# what color is your poodles skin?



## bluespoomommy (Feb 25, 2010)

i've read numerous times that skin color can vary on poodles. just curious to know what color coats your poodles have with what color skin?

mochi is a blue poodle with very white white skin. i had always assumed that dark hair = dark skin but guess it's not so!


----------



## cbrand (Aug 9, 2009)

Delilah's skin is taupe. Really. It has a silvery, pinkish hue to it.


----------



## Fluffyspoos (Aug 11, 2009)

Vegas's skin is blue. For reals.
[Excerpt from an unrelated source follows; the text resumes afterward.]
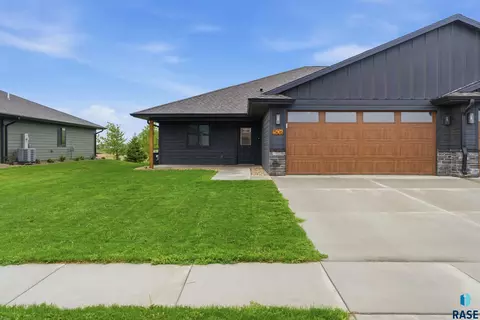 20 W 20th Ave, Mitchell, SD 57301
Not grey blue, but BLUE! When he has a curl letting you see his skin, or when I cut him into his CC, everyone would gasp and say "His skin is blue!"


----------



## fjm (Jun 4, 2010)

Poppy's is pink, very pretty, rosy baby pink! Lips, nose, toes and nails are nearly black, though.


----------



## CharismaticMillie (Jun 16, 2010)

Henry and Millie both have white skin!


----------



## Lilah+Jasper (May 13, 2010)

Lilah's skin is white and Jasper's is blue and pink . The blue spots on his tummy are so cute!


----------



## bigpoodleperson (Jul 14, 2009)

Riley has a cream coat with spotted skin. Yep, spotted like a dalmation! He has developed more and more spots as he has aged. The skin that isnt spots is cream.


----------



## Sami (Feb 9, 2010)

Prince is a cream and has pink skin, but he tans up if its shaved in spots in the summer.


----------



## frostfirestandards (Jun 18, 2009)

Willows skin is like a pinkish white where her coat is thick, and bluish on her "nexxid parts" (she has black hair) Brian has blue skin(blue hair) and Jamie has pink skin on her hairier parts, and dark skin on her nekkid parts (white hair)


----------



## bluespoomommy (Feb 25, 2010)

blue skin! that must be quite a sight...there's a beautiful blue standard poodle on flickr who has blue skin and could never quite wrap my head around it. poodles seem to be just as diverse as people


----------



## Spencer (Oct 7, 2009)

Tate is a light apricot (turned red in the summer... we like to be outside!) with well... peach colored skin. Caucasian human colored, I mean.

His nose is brown with freckles, and his eye rims are pink though... no AKC wins in his future (that and he came to me... rocky mountain oyster-less!)


----------